• Exercise: When you repeat the entries below, please keep them exact and leave out the pictures.

• Caption-style text data:
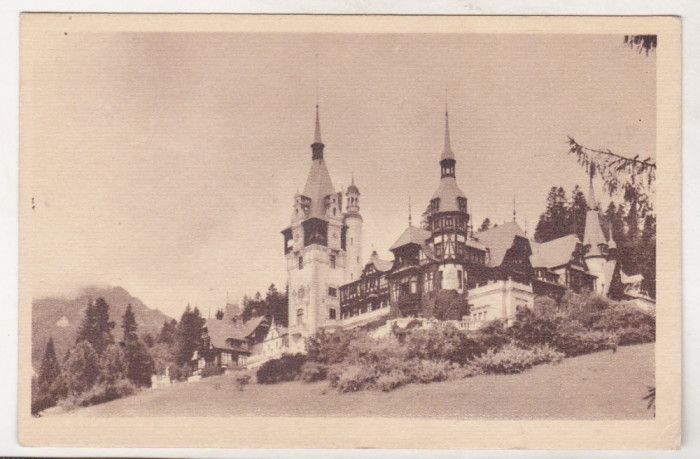 bnk cp Sinaia - Castelul Pelesl - uzata 1947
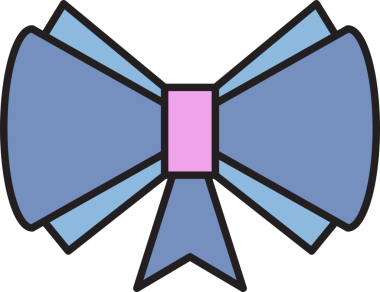 Mor Fiyonk Kravat Simgesi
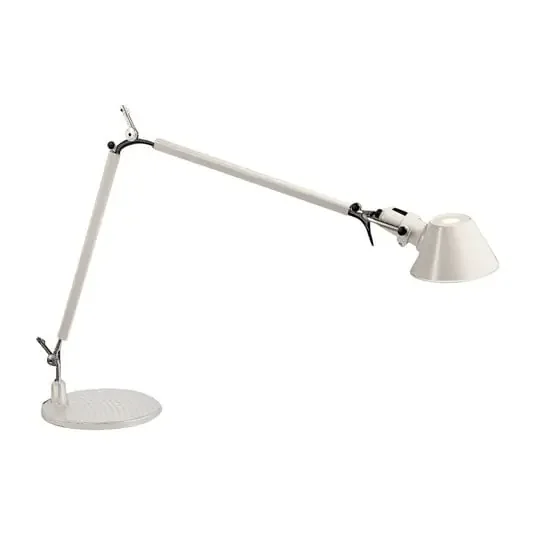 Tolomeo Lámpara de Sobremesa E27 Blanco con Base Blanco – Artemide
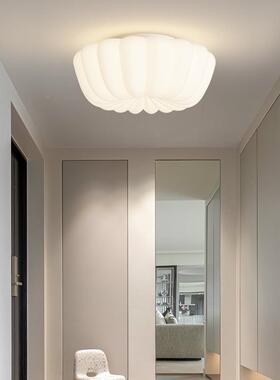 白色阳台过道灯走廊吸入户JN543玄关ed吸顶灯奶风全光谱LE油D顶l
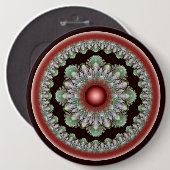 Weihnachts-glänzende runde Dekoration Button (Vorne & Hinten)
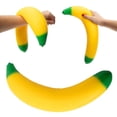 thumbnail image 1 of 14in Big Banana Squishy Fidget Toy , Giant Yellow Banana Stress Ball Slow Rebound Anxiety Relief Sensory Toy for Kids & Adults, 1 of 7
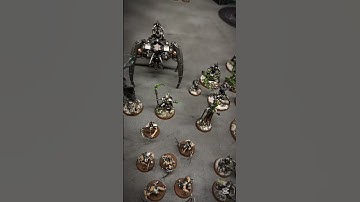 2000pt NECRON ARMY WARHAMMER 40K, #shorts #warhammer40k #tabletopgame #paintingwarhammer #necrons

• Problem solution:
 bnk cp Sinaia - Castelul Pelesl - uzata 1947
 Mor Fiyonk Kravat Simgesi
 Tolomeo Lámpara de Sobremesa E27 Blanco con Base Blanco – Artemide
 白色阳台过道灯走廊吸入户JN543玄关ed吸顶灯奶风全光谱LE油D顶l
 Weihnachts-glänzende runde Dekoration Button (Vorne & Hinten)
 thumbnail image 1 of 14in Big Banana Squishy Fidget Toy , Giant Yellow Banana Stress Ball Slow Rebound Anxiety Relief Sensory Toy for Kids & Adults, 1 of 7
 2000pt NECRON ARMY WARHAMMER 40K, #shorts #warhammer40k #tabletopgame #paintingwarhammer #necrons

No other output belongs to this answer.